This refreshing Watermelon Feta Salad with Mint is perfect for summer. Sweet ripe watermelon salad combined with feta cheese and fresh mint is simply dressed with olive oil and lime juice. It’s a sweet-and-salty combination that looks just beautiful on the table for a backyard cookout, a potluck, or even a Sunday brunch!

My husband loves watermelon salad. During the summer, one of his favorite snacks is freshly sliced chilled watermelon with crumbly slices of feta. The saltiness of the cheese is a perfect compliment to the cool sweetness of the watermelon. He introduced me to the flavor combination, and now I’m hooked, too.
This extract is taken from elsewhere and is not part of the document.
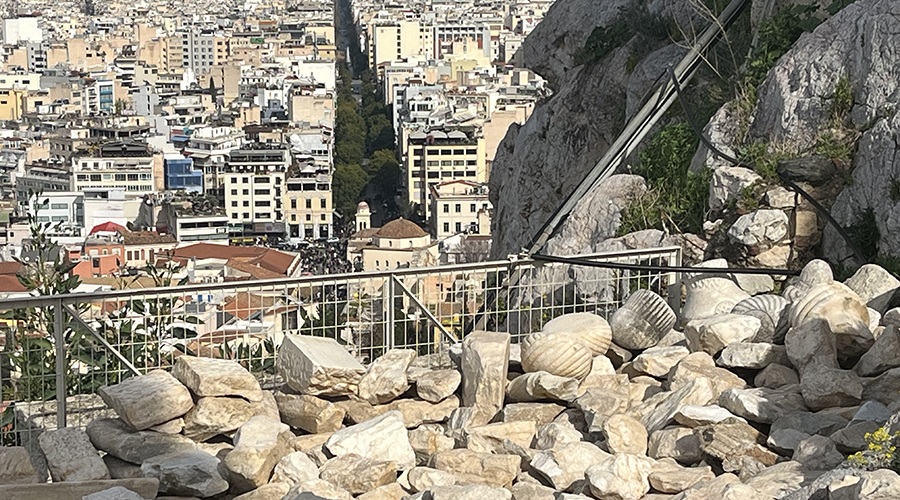 [EN] A decolonial archaeology of refusal, care and repair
Nothing says summer like fresh watermelon and feta!
A few weeks ago we had some friends over for dinner. The weather was just starting to warm up, so we decided to make it an outdoor dinner in our back yard. As I grocery shopped for the meal, my mind was on all the summery foods we’ve been missing. I browsed the produce section and noticed that ripe seedless watermelons were on sale. Of course, my mind went to watermelon and feta! I decided to create a simple summer salad with seedless watermelon chunks, crumbled feta cheese, fresh mint, and a homemade lime juice dressing.
After a little experimentation with the dressing, this is what I came up with! The salty citrus dressing really brings out the flavor of the watermelon, the mint is refreshing, and the feta adds a perfect touch of creaminess. Even those of you who don’t like sweet, fruity salads may appreciate this one– the flavor is truly unique. It was a big hit with our friends, and I’m guessing it will be making regular appearances on our summer menu. It would might just be the perfect side-salad for your 4th of July barbecue. Hope you enjoy it as much as we did!
If at all possible, try to find goat or sheep’s milk feta– preferably the larger chunks sold in delis or cheese markets. I personally prefer the flavor of block feta to pre-crumbled feta. Enjoy!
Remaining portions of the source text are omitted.